■ DATA
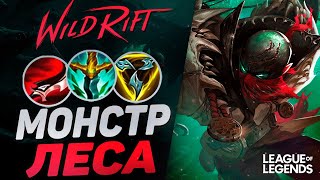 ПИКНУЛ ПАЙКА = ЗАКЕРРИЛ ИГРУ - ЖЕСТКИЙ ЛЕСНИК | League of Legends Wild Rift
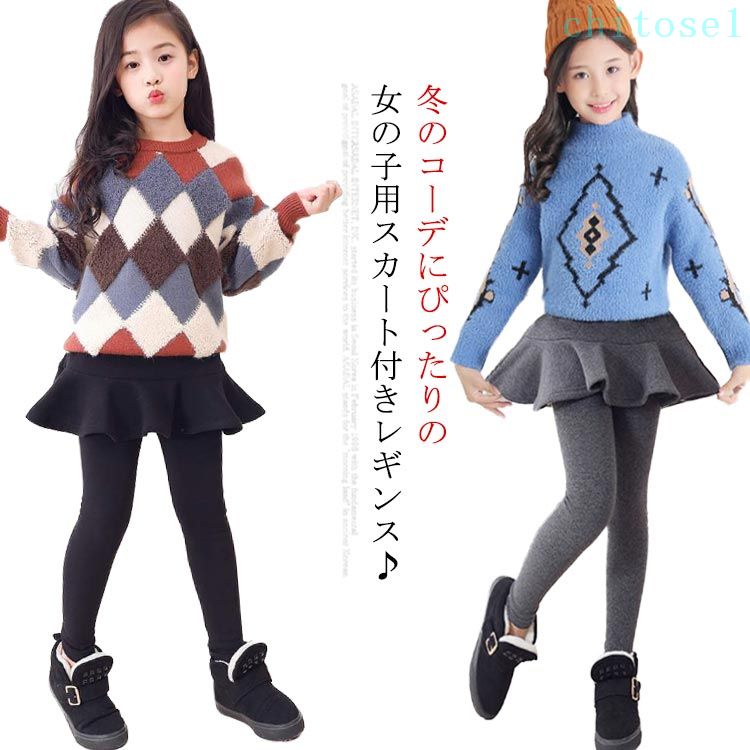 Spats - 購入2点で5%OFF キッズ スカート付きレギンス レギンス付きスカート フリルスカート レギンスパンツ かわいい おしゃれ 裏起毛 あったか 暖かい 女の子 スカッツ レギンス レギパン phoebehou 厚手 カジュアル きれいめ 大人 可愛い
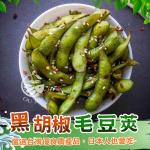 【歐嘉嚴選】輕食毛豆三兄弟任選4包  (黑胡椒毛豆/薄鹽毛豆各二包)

■ WORK TASK
Transcribe the whole listing above exactly and leave out the pictures.

■ OUTPUT BELOW
 ПИКНУЛ ПАЙКА = ЗАКЕРРИЛ ИГРУ - ЖЕСТКИЙ ЛЕСНИК | League of Legends Wild Rift
 Spats - 購入2点で5%OFF キッズ スカート付きレギンス レギンス付きスカート フリルスカート レギンスパンツ かわいい おしゃれ 裏起毛 あったか 暖かい 女の子 スカッツ レギンス レギパン phoebehou 厚手 カジュアル きれいめ 大人 可愛い
 【歐嘉嚴選】輕食毛豆三兄弟任選4包  (黑胡椒毛豆/薄鹽毛豆各二包)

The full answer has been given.